The lines from the top of the material through the line with "If using the" are to be set down exactly. Leave the pictures out.

Provided records ::
┏━━

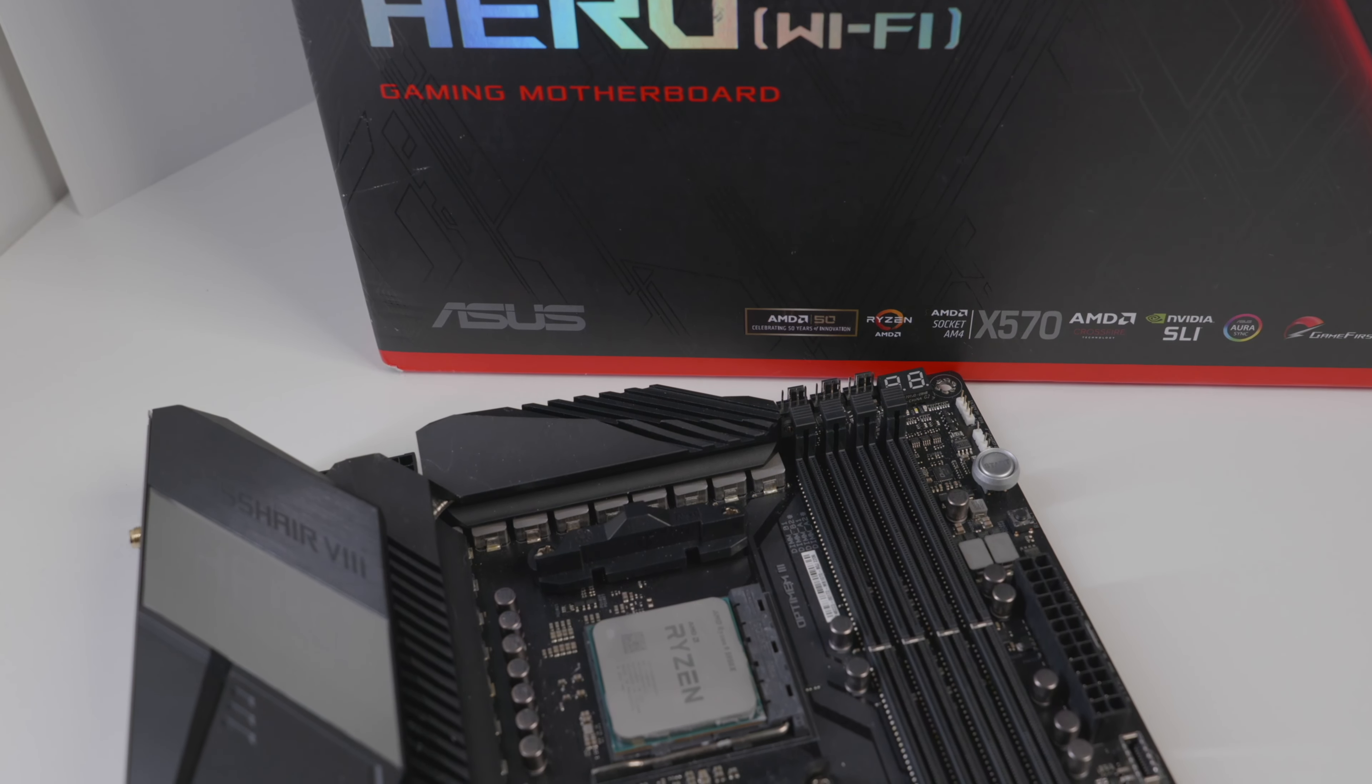First, it's going to support Ryzen 5000 and Ryzen 3000 CPUs. This motherboard will pretty easily handle even something like what I have in here right now, which is the 16-core Ryzen 5950X.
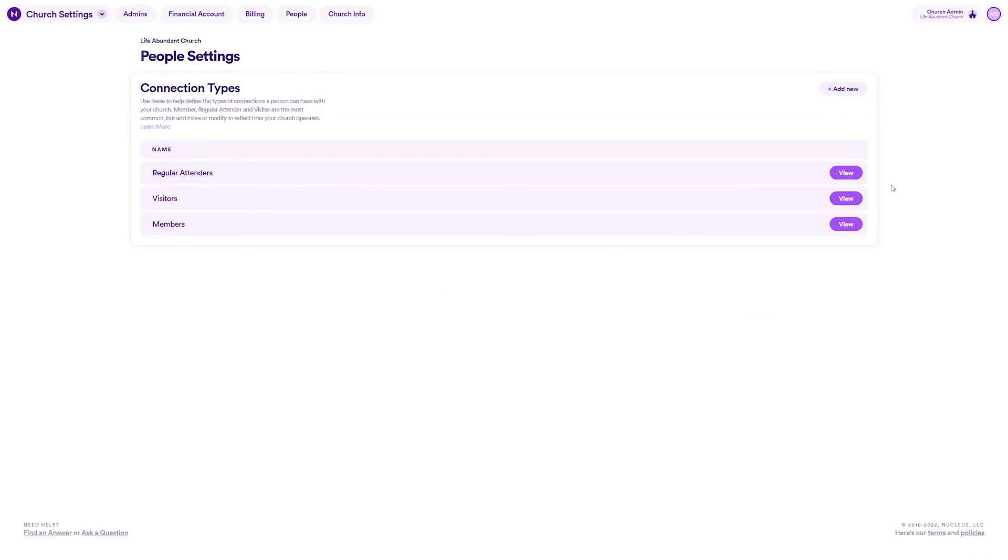In other words, connection types are a powerful tool unique to Nucleus that helps your church in so many ways. Keep your people lists organized, simplify tedious tasks with automatic dynamic audiences for emails, protect the privacy of your church members, and so much more. Enjoy.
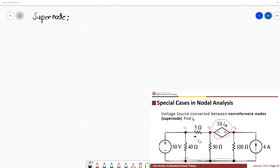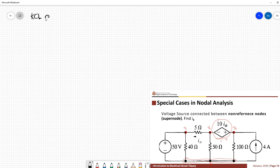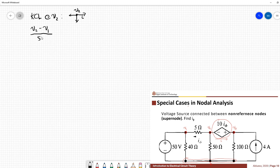To demonstrate what a supernode is, let's first assume a direction for the current in this branch and label it as current i. Applying KCL at v2, we have: v2 minus v1 over 5, plus v2 over 50, plus i, equals 0.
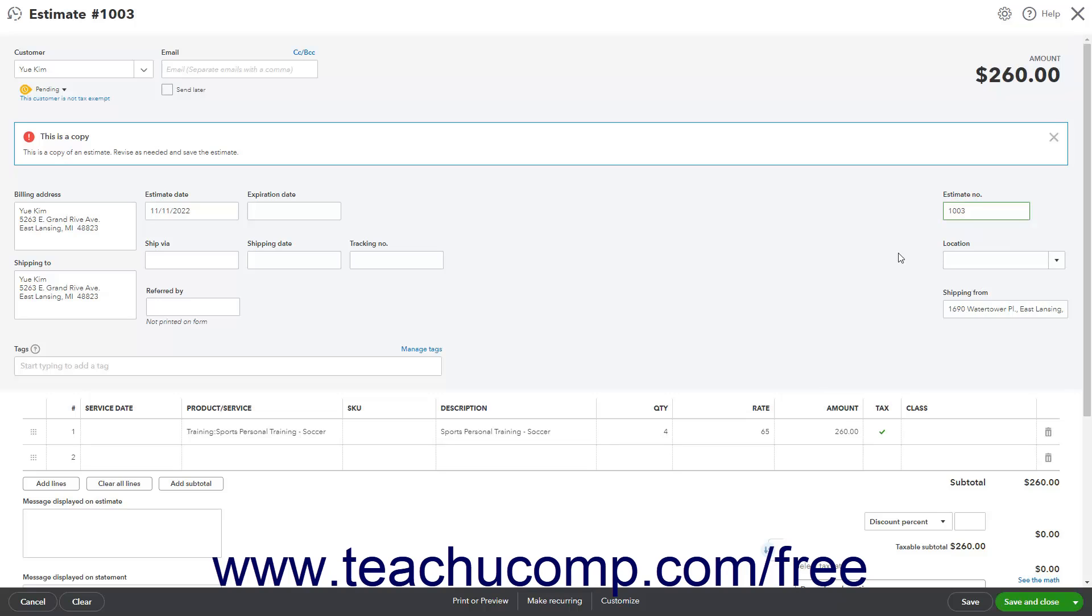If using the old layout, also notice the text at the top of the page that states this is a copy.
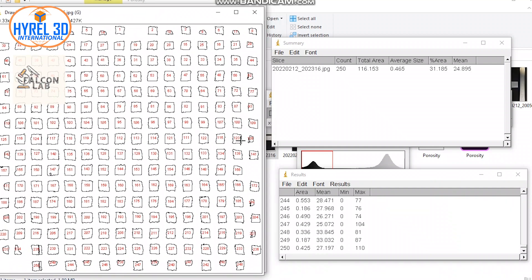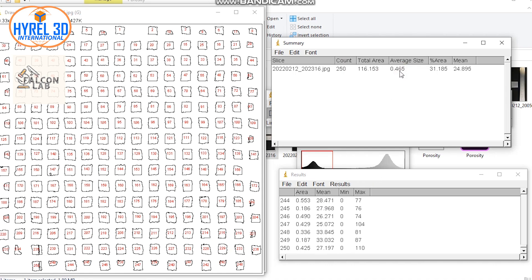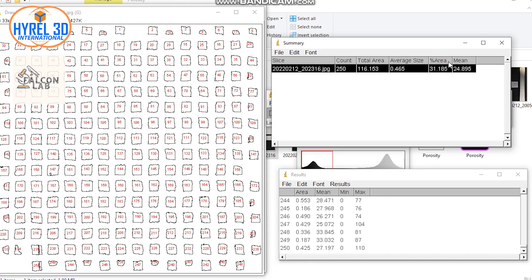The second is to show you the porosity percentage and the average size of the pores. You can see we have 250 pores with an average size of 465 micrometers. The porosity is approximately 31 percent.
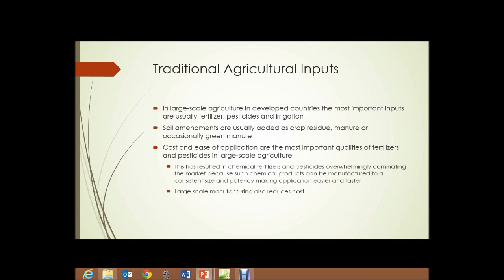Agricultural Inputs, Section 2. We're going to talk a little about traditional agricultural inputs here. In large-scale agriculture in developed countries, the most important inputs are usually fertilizer, pesticides, and irrigation.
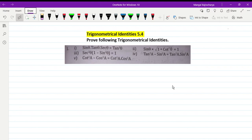Hello everyone. In this video, I am doing exercise 8.5 question 4. The first question I will start with is the first number. In the first number, I am proving sin theta into tan theta into sec theta equal to tan square theta.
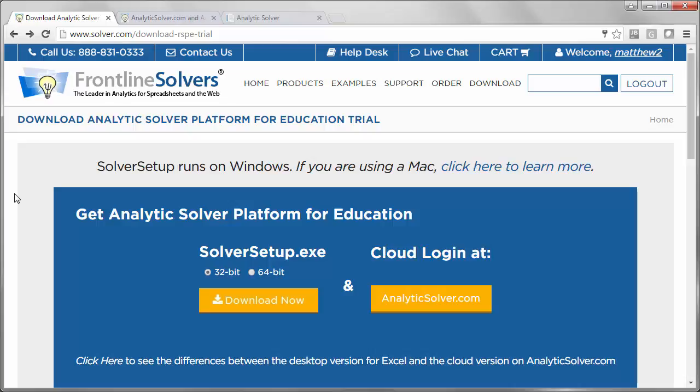Third, you can email us at support@Solver.com. That will create a support ticket. Multiple people can help you and they will correspond by email pretty rapidly.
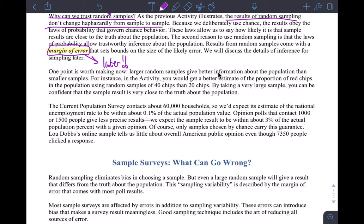Huge, huge, huge point: the bigger the sample, the better the information about the population — that's always true. For our class there are some rules for how big the sample can be, which we'll get to later. But definitely, a bigger sample is better. If you had taken a sample size of 40 in the chip activity, that would have given better information, even though it might technically violate one of our calculation rules.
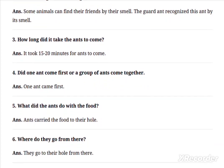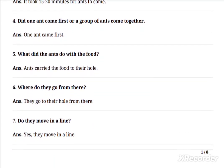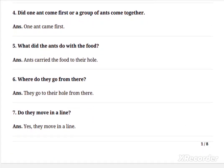Question 5: What did the ants do with the food? Ants carry the food to their hole. जब उनको food मिल जाता है और कोई मीठी चीज़ गिरी होती है, तो ant अपने senses के through उस sweet तक पहुँच जाती है। फिर वो food को carry करके अपने hole तक ले जाती है।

┗━━

Written solution ::
First, it's going to support Ryzen 5000 and Ryzen 3000 CPUs. This motherboard will pretty easily handle even something like what I have in here right now, which is the 16-core Ryzen 5950X.
In other words, connection types are a powerful tool unique to Nucleus that helps your church in so many ways. Keep your people lists organized, simplify tedious tasks with automatic dynamic audiences for emails, protect the privacy of your church members, and so much more. Enjoy.
To demonstrate what a supernode is, let's first assume a direction for the current in this branch and label it as current i. Applying KCL at v2, we have: v2 minus v1 over 5, plus v2 over 50, plus i, equals 0.
If using the old layout, also notice the text at the top of the page that states this is a copy.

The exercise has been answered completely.